“Not all heroes wear capes,” some wear hijabs. As we advance in Black History Month, we continue to shine the spotlight on Nigerian men and women who are doing great things both locally and globally. Today, we celebrate Aisha Yesufu – Nigerian Socio-political Activist and Co-convener of the Bring Back Our Girls Movement.
“I want a level playing ground for everybody where the woman who sells groundnuts or is frying Akara or the motorcyclists should be able to get jobs based on their capacity and ability and not on who they know.”
Aisha Yesufu is known as one of the co-founders of the Bring Back Our Girls Movement, working to rescue the schoolgirls kidnapped in Chibok, Borno State, Nigeria, by Boko Haram militants in 2014.

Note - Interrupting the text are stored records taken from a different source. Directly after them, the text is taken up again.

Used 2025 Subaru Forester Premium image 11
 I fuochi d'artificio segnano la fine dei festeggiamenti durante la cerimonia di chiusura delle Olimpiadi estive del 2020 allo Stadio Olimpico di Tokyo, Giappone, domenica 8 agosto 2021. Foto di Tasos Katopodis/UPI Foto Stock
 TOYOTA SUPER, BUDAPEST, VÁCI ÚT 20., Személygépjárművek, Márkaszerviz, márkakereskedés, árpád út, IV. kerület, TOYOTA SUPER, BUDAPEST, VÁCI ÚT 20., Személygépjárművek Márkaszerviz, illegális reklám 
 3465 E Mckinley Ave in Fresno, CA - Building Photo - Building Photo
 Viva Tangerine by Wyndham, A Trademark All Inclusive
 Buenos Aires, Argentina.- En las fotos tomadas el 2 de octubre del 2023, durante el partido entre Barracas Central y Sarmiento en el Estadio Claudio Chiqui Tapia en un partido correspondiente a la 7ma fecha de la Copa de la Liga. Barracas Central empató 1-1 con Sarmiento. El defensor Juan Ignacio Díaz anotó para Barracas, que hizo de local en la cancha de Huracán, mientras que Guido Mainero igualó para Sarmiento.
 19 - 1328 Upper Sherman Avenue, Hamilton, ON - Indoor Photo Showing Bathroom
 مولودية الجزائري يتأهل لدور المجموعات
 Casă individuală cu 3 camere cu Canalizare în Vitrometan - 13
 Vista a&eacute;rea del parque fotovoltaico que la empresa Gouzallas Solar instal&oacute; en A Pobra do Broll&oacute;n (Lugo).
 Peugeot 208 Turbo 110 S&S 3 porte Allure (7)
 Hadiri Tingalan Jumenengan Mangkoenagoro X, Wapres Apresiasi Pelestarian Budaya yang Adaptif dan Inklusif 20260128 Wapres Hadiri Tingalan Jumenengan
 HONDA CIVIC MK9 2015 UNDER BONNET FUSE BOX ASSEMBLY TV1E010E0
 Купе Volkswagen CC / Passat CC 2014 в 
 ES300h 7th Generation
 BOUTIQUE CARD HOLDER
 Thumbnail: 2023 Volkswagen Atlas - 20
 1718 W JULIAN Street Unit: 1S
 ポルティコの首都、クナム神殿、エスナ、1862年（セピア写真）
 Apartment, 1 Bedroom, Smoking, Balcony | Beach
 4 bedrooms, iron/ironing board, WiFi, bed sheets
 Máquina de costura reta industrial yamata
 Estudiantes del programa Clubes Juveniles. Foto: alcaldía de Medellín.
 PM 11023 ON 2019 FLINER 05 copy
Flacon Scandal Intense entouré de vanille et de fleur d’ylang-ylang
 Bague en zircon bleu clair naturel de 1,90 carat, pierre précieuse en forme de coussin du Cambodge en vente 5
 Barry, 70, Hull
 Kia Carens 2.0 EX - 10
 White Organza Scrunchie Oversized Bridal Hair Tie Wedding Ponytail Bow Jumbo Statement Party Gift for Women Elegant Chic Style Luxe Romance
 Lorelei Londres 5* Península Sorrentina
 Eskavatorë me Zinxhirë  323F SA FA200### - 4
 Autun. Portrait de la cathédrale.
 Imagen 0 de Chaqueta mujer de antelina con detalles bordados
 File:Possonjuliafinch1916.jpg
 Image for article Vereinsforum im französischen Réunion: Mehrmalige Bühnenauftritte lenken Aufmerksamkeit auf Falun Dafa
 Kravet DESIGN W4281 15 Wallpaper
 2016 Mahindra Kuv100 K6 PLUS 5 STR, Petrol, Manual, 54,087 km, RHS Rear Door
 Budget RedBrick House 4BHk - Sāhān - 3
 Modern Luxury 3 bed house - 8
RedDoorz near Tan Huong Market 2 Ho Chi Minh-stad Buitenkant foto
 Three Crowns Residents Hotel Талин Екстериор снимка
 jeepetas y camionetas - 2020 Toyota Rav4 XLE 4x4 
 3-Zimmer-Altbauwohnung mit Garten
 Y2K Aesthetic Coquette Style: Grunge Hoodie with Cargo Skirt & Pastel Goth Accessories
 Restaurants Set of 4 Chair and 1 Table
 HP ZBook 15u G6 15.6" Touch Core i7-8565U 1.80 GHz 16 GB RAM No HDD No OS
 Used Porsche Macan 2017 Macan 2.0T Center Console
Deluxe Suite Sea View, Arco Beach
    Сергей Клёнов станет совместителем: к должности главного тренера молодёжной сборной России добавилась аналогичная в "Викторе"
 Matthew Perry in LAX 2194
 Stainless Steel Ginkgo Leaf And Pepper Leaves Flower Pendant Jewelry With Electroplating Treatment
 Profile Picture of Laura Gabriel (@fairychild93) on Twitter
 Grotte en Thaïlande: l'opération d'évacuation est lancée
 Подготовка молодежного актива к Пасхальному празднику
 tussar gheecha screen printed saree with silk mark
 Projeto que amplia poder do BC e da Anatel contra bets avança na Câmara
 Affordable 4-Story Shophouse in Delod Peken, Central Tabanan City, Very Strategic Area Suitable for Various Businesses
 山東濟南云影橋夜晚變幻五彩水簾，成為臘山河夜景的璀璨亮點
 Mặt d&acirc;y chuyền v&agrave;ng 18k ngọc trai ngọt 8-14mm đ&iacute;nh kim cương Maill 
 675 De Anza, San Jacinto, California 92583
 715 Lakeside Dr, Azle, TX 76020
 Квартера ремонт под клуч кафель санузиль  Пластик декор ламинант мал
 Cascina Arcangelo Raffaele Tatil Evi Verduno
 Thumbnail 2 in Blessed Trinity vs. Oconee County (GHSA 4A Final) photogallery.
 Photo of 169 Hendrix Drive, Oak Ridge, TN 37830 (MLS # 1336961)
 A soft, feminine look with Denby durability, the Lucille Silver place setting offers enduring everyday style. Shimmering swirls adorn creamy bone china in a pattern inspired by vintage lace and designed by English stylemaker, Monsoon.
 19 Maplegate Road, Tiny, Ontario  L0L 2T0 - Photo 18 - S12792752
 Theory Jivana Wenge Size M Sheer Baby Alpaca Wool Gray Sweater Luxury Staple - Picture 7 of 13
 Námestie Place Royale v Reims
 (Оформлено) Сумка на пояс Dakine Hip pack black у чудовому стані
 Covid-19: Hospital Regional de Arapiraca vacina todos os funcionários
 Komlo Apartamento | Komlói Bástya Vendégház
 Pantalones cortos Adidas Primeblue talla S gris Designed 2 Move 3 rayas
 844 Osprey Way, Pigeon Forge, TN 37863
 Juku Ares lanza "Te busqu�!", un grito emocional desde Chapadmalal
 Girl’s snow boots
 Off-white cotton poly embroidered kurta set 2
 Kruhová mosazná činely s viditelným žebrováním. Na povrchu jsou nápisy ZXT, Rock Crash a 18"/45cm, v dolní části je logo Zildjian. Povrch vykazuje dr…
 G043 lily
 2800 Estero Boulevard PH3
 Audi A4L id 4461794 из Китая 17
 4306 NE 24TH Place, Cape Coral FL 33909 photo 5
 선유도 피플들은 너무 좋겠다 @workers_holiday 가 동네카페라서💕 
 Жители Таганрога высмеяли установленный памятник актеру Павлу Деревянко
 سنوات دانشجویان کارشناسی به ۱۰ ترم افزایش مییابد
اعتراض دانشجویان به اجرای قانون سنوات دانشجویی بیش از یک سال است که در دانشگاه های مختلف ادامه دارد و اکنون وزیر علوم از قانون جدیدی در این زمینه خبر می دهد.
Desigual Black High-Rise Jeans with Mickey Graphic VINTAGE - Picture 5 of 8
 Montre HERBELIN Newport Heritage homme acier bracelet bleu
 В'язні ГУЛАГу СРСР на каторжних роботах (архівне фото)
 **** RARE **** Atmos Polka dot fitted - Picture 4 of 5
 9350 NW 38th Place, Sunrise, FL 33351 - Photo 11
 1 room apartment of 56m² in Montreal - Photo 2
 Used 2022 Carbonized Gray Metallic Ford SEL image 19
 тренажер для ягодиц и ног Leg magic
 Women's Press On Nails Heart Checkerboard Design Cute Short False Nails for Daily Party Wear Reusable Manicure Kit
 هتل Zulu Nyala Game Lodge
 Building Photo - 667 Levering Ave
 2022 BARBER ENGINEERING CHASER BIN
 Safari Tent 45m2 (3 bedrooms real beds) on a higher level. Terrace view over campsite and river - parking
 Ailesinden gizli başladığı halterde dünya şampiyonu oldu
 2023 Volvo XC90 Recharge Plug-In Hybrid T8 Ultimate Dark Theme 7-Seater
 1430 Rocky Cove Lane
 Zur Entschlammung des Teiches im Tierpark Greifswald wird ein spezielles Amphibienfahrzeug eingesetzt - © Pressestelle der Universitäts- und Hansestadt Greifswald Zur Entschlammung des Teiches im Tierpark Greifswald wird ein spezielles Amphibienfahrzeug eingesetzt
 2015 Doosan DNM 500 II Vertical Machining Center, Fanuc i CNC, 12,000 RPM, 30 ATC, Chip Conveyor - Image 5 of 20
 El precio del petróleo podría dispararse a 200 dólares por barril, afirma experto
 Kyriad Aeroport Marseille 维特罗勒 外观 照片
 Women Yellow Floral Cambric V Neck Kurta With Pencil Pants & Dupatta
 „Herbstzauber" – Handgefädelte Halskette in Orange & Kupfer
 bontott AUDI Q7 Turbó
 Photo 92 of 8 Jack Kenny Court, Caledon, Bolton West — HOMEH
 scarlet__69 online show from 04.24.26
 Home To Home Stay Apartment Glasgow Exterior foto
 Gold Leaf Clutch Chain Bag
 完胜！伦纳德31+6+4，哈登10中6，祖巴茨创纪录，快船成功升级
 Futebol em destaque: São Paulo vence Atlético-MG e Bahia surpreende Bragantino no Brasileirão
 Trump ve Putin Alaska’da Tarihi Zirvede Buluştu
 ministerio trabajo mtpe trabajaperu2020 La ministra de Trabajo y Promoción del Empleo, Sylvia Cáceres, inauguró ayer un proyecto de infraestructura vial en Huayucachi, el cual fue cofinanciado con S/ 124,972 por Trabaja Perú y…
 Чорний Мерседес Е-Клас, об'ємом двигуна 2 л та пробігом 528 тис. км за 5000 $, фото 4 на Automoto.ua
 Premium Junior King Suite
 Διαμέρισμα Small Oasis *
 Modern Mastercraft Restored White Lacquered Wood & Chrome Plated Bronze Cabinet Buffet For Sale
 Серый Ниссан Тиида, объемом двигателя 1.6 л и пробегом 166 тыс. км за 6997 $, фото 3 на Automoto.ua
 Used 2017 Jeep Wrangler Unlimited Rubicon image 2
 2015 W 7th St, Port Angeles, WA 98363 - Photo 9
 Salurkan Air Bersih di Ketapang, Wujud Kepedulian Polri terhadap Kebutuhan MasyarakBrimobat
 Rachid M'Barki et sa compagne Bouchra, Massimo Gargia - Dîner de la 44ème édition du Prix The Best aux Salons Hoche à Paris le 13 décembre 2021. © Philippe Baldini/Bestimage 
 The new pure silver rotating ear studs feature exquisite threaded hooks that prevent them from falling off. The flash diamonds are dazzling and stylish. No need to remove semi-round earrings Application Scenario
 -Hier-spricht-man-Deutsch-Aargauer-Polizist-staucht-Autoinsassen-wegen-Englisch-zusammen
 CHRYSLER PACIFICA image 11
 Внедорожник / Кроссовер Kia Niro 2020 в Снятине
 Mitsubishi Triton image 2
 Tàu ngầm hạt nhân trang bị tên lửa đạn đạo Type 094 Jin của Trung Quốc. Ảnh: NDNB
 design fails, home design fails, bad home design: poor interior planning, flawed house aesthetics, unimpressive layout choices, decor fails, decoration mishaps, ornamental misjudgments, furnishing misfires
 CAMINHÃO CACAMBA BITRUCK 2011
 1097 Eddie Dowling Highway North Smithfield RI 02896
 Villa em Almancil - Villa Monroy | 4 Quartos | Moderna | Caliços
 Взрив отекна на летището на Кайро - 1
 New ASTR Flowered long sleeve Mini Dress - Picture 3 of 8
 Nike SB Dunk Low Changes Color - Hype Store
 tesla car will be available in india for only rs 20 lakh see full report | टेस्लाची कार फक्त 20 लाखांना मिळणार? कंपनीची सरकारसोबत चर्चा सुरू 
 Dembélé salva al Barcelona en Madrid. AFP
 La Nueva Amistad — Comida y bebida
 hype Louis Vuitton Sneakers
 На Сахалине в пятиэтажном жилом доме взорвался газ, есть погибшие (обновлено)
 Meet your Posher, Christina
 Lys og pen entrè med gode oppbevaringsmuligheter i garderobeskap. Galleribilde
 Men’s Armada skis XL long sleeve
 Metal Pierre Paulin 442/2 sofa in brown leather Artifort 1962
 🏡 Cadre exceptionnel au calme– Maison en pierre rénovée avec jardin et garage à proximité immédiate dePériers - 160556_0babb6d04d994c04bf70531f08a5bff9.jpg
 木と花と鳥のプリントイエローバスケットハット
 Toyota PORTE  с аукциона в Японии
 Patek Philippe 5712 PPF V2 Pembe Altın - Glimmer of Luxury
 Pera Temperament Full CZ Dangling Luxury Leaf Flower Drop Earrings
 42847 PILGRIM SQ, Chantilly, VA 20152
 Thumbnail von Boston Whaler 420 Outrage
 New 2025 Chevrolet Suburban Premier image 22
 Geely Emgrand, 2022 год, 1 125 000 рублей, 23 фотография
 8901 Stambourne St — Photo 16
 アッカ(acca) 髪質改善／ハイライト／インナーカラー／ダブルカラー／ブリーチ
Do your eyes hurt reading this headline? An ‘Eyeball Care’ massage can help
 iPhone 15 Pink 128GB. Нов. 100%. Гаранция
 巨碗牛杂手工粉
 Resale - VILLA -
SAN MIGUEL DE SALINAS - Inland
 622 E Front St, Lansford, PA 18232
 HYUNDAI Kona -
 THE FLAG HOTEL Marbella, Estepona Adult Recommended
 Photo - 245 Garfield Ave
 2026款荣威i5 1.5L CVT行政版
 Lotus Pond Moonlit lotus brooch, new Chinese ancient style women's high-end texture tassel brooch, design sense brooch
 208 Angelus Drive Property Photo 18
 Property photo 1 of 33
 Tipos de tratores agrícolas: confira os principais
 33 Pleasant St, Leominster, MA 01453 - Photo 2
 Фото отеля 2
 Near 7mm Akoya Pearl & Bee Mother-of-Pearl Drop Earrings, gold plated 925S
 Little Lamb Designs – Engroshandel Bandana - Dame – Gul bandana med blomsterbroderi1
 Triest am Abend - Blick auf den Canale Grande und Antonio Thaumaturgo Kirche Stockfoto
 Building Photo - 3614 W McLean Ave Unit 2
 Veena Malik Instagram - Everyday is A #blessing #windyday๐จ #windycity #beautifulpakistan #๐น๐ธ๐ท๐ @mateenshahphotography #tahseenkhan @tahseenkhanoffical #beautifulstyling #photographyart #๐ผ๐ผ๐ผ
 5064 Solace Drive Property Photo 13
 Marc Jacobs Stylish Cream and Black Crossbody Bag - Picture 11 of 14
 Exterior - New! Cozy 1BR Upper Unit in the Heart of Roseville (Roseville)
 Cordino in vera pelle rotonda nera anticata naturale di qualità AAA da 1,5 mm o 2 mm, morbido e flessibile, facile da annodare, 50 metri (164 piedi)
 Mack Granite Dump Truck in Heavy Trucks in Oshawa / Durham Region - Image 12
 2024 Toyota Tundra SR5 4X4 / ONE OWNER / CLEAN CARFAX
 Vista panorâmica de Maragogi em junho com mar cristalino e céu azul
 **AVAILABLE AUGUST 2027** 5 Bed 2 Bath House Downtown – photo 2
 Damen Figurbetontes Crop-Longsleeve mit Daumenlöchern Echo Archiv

Yesufu was born in Kano State to Edo parents and raised in Kano. She experienced the difficulty of being a girl-child in a heavily patriarchal environment. In her words, “By the time I was 11 years old, I did not have any female friends because all of them had been married off but I wanted to be educated and leave the ghetto.” Aisha Yesufu recounts,”Most of my mates were almost grandmothers when I married at 24.”
Yesufu was among the women protestors at Nigeria’s National Assembly, in the nation’s capital, Abuja, on 30 April 2014. Yesufu has also been at the forefront of the End SARS movement, which draws attention to the excesses of a controversial police unit in the Nigeria Police Force, called the Special Anti-Robbery Squad (SARS). Yesufu has said she “would not leave the fight against End SARS protest in Nigeria for her children.”
Mrs. Yesufu was on the list of the BBC’s 100 Women announced on the 23rd of November 2020. She also was cited as one of the Top 100 most influential Africans by New African magazine in 2020.